Y saber que te van a matar
Se elige el deber, y así se elige el destino. Aunque nadie vaya a recordarlo: aunque cueste la vida y puede que la memoria
Hace hoy 51 años, que parece mucho pero es en realidad muy poco, dos individuos se acercaron en Milán al comisario Luigi Calabresi y lo asesinaron por la espalda. Eran los primeros tiempos de los años del plomo, que pudieron llevarse por delante a Italia entera y la sembraron de atentados, conspiraciones y secuestros que aún perviven en la memoria del país y en su conciencia. Ha pasado medio siglo, que es en realidad muy poco, de aquella mañana del 17 de mayo en la que tirotearon a Calabresi, de 32 años, después de semanas y meses de amenazas por la muerte del anarquista Giuseppe Pinelli, de 41. A Pinelli lo quisieron incriminar en los atentados de Piazza Fontana de 1969 que —luego se supo— fueron obra de una trama de servicios secretos con la extrema derecha para llevar el país al caos. Sucedió, sin embargo, que el que acabó en comisaría fue Pinelli, porque ese era el plan: atribuir el terror a la extrema izquierda. Su cuerpo cayó del cuarto piso del despacho de Calabresi aunque el comisario no estaba en su oficina en ese momento. Dio igual: varias organizaciones lo señalaron. Lo amedrentaron. Y luego lo mataron.
Calabresi sabía que estaba condenado y sabía que lo iban a matar. Lo cuenta su hijo, el periodista Mario Calabresi, en Salir de noche, un libro que ahora publica en España Libros del Asteroide. Cuenta el miedo y las maneras de esconderlo a la familia, como si se pudiera. Cuenta, por ejemplo, que el suegro quiso llevarse a Calabresi a trabajar a Roma, para que dejara la policía y evitara el desenlace: “Me resultaría una fuga. Lo mismo que huir. Significaría admitir que soy culpable. Me quedaré hasta el final, mirándolos a los ojos”. “Me quedaré hasta el final”, contestó. Su suegro repuso entonces: “Ha elegido su destino y no podremos salvarlo”. Tenía razón: a veces el destino se elige. Se elige el deber, y así se elige el destino. Aunque nadie vaya a recordarlo: aunque cueste la vida y puede que la memoria. Eso somos, al cabo: lo que fuimos en instantes fugaces y críticos que quizá nadie entienda.
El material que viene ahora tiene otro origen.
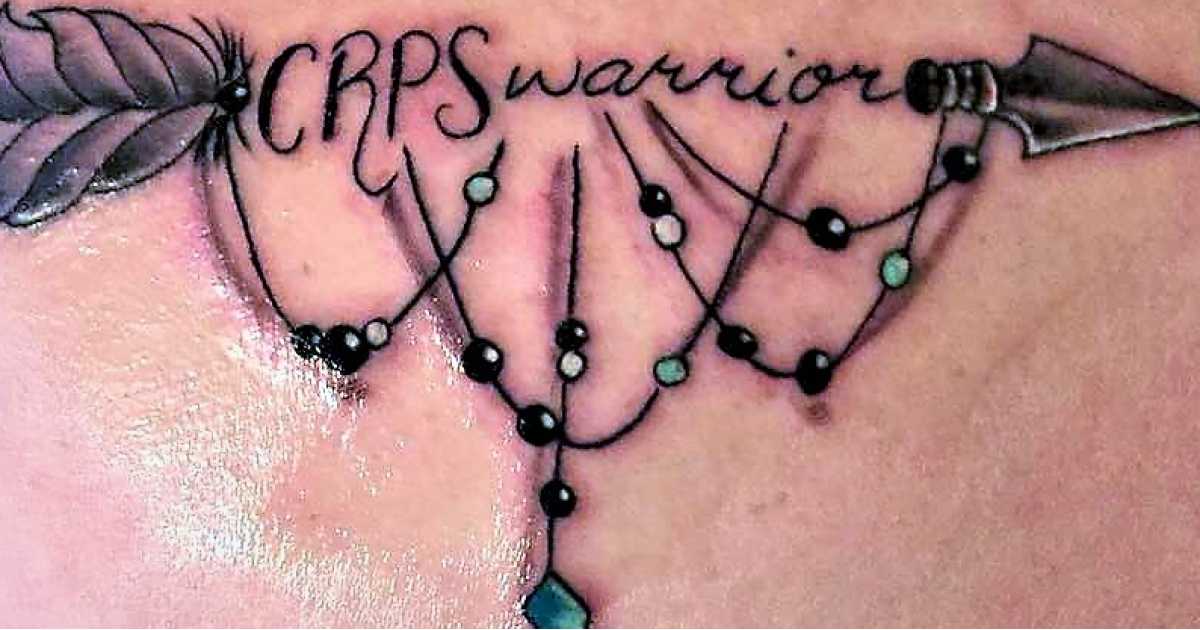Story about CRPS Complex Regional Pain Syndrome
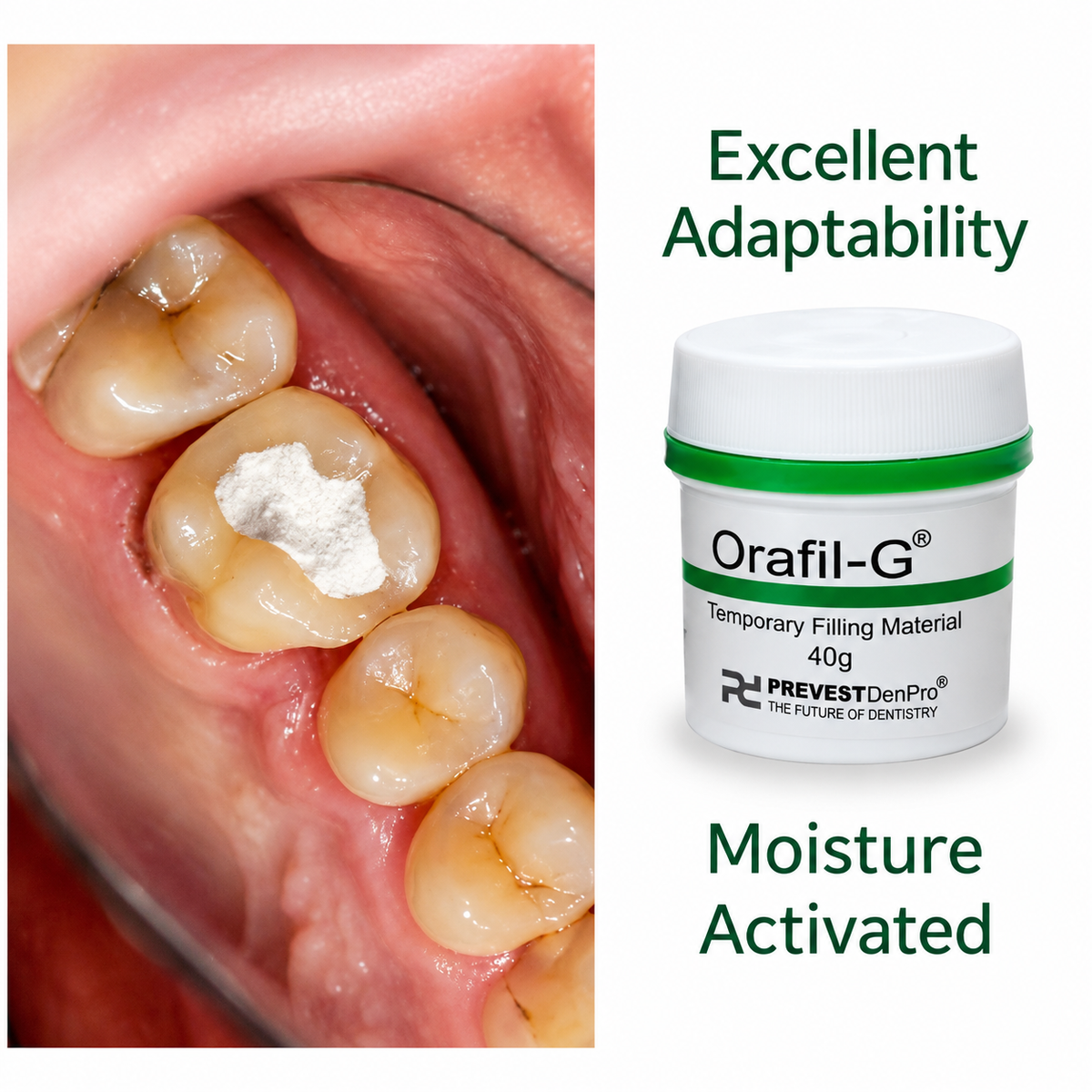 Prevest Orafil G Temporary Filling Material 40g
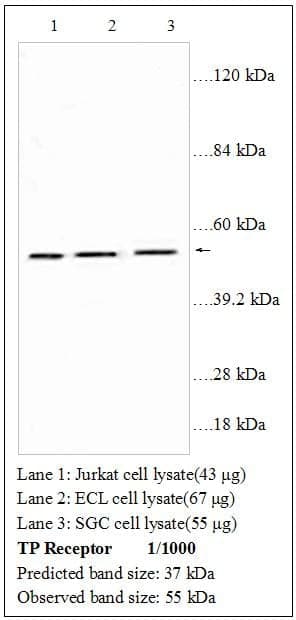 Anti-TP Receptor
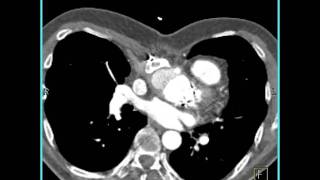 Cardiac Pseudoaneurysm of ascending aorta 2 of 5 [upl. by Nodlew]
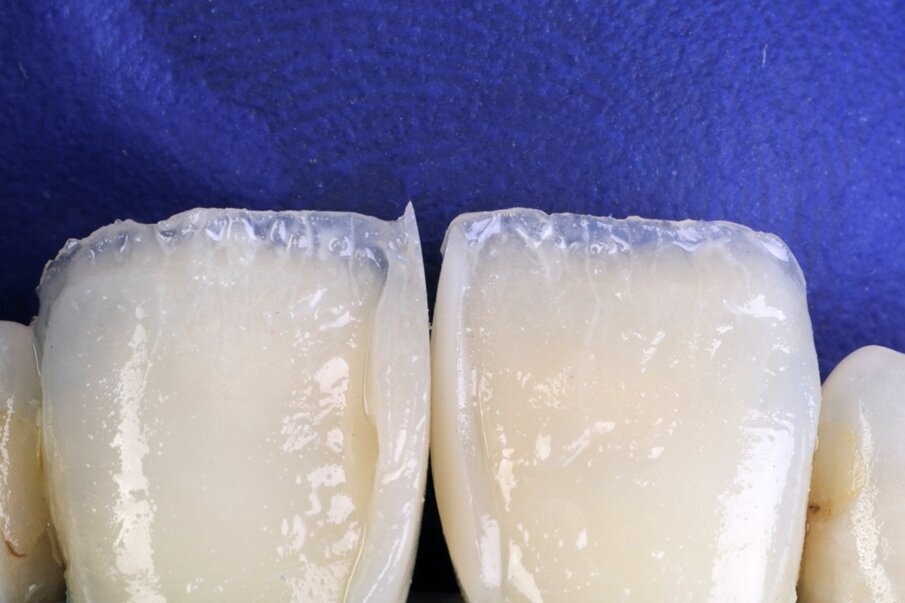 Fig. 10: Build-up of dentin layer with Beautifil II LS shade A2. 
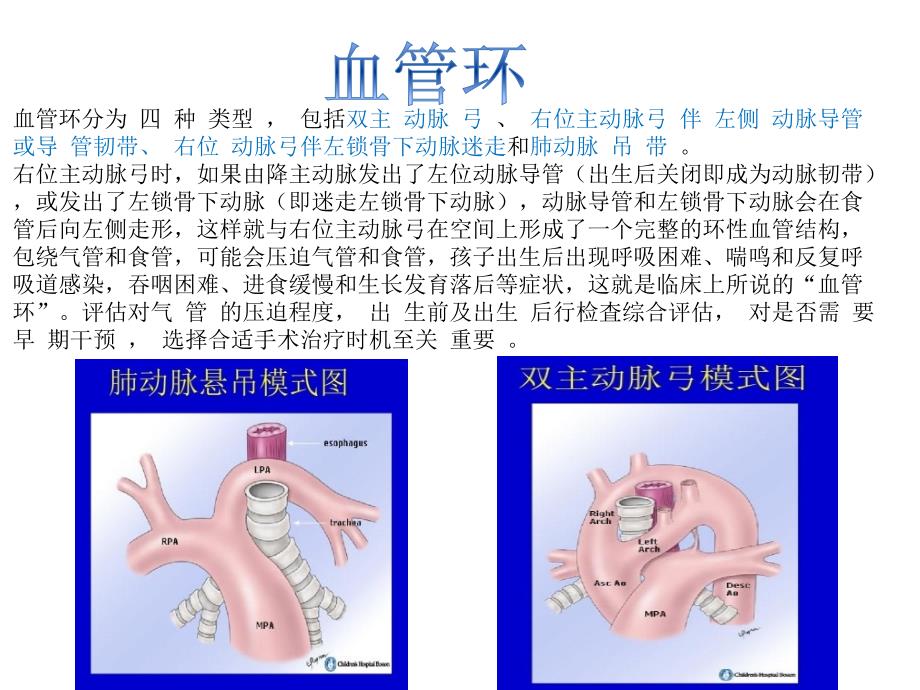 右位主动脉弓.ppt_第4页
Años después, en 1992, y también en Italia, fue la Cosa Nostra la que estuvo al borde de quebrar al Estado cuando mató al juez antimafia Giovanni Falcone y a su mujer y a sus escoltas. Ahí, el otro gran juez antimafia Paolo Borsellino constató que sería el siguiente. Guardó el deber al precio de pagar la vida: “Tengo que darme prisa”, dijo a uno de sus colaboradores mientras aceleraba las investigaciones pendientes: “Ahora me toca a mí”. Le tocó, en efecto, pocos meses después, con una bomba que lo mató a él y a sus escoltas. Fue un grupo de ellos, de sus propios guardias, los que habían librado antes su instante fugaz y crítico tras la muerte de Falcone, cuando sabían que ya corrían un riesgo de muerte: rodearon a Borsellino para ofrecerle sus servicios y su protección, para decirle que no le abandonarían. Aceptaron así que iban a morir, que no les recordarían ni pondrían sus nombres a ningún aeropuerto: no habría gloria ni probablemente justicia que amparase a sus viudas y a sus huérfanos. Y se quedaron hasta el final.
El domingo, Pablo Ordaz recordó en este periódico el temblor de un vecino en el pleno de condena al asesinato de José Luis Caso, al que mató ETA. Ordaz, sentado a su lado, le preguntó qué le pasaba y aquel hombre nervioso le contó que seguramente le tocaría reemplazar en el Ayuntamiento al concejal asesinado. Acabaron también con él. Hay gente que ha sabido o sabe que la van a matar y, al decidir el deber, decide su destino. Borsellino empleó esta frase: “Quien tiene miedo muere a diario, quien no lo tiene muere solo una vez”. Tienen todo que ver, el miedo y el deber. Y el destino, por supuesto.